Managua, Jan 20 (efe-epa).- Five suicides in recent days in Nicaragua, most of them young people and including two opposition members, have caused a nationwide commotion and there are those who see the incidents as stemming from the socio-political crisis that has taken hundreds of lives since April 2018.

In just a few days a young university student who had survived an armed attack by the government took her life, another opposition student made the same fateful decision, a Nicaraguan worker killed himself in Panama and a woman was rescued just before throwing herself off a bridge in Managua.

According to the latest official report on suicides in Nicaragua, in 2018, the year in which the social crisis erupted against President Daniel Ortega, 355 suicides were registered, about one a day and more than the 318 tallied in 2017, although these figures appear to be undercounts.

The Sanar collective of psychologists created by anonymous experts to help people affected by the crisis says that the reasons leading to the suicide of so many people are varied, ranging from personal problems to relatives and the socio-political situation.

“In Nicaragua, we’re only experiencing the consequences of current history, we’re loaded down with a large number of traumas caused by armed and unarmed conflicts, fears, divisions dating back many decades. It’s not the first dictatorship we’ve lived under,” Sanar told EFE.

The Ortega government is the dictatorship Sanar referred to, identified as such by many sectors since it ordered armed attacks on peaceful protesters and extrajudicial executions against opposition members in 2018, moves which left hundreds of people in prison, dead or disappeared, according to local and international humanitarian organizations.

Opposition leader Ivania Alvarez believes that the suicides in Nicaragua are part of what the United States has identified as Managua’s policy of “exile, jail or death” against opposition members.

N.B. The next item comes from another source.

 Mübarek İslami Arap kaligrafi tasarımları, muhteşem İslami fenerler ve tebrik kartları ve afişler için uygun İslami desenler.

Alvarez told EFE that “it’s a harsh message on the part of the dictatorship, which is being brutal against us. Not only the suicides, we’re seeing the exiles … when they say they’re following you, that they’re going to imprison you, that they can murder you, rape you, the message is: Get out of here.”

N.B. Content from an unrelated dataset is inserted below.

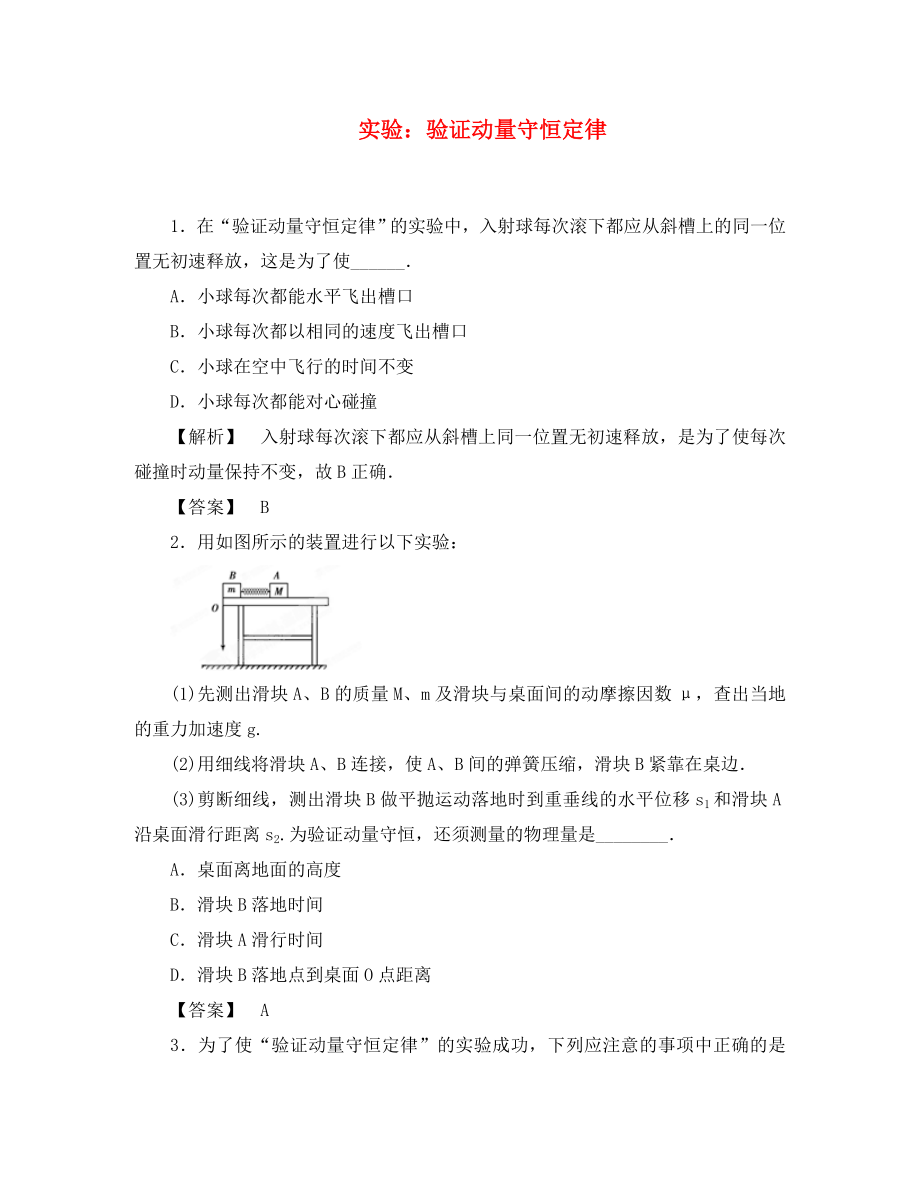 2020高考物理一輪復(fù)習(xí) 第15章第2講 實驗：驗證動量守恒定律課后限時作業(yè) 魯科版（通用）_第1頁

That was the case with a young opposition member who fled into exile to avoid prison or death, became depressed and ended his life, according to Movimiento 19 de Abril, the organization to which he belonged.

Other young people like student leader Byron Estrada have managed to overcome living in hiding, being jailed, as well as being put under siege by police and paramilitaries.

“Feeling at all times like they’re following you, talking about you, listening at the door when (the police) come because you’ve been in jail, not being able to sleep, many things that go beyond just grabbing a flag and being able to shout,” he said.

The specialists also recommend “feeling the diversity of emotions that living in this society creates, welcoming those feelings, talking about them and transforming them when we feel it’s necessary,” while the less affected people are advised to be empathetic, friendly and respectful to the victims.

Official figures indicate that when Ortega began his second period heading the government, in 2012, Nicaragua had 148 suicides, and since then the number has done nothing but increase up to around one per day.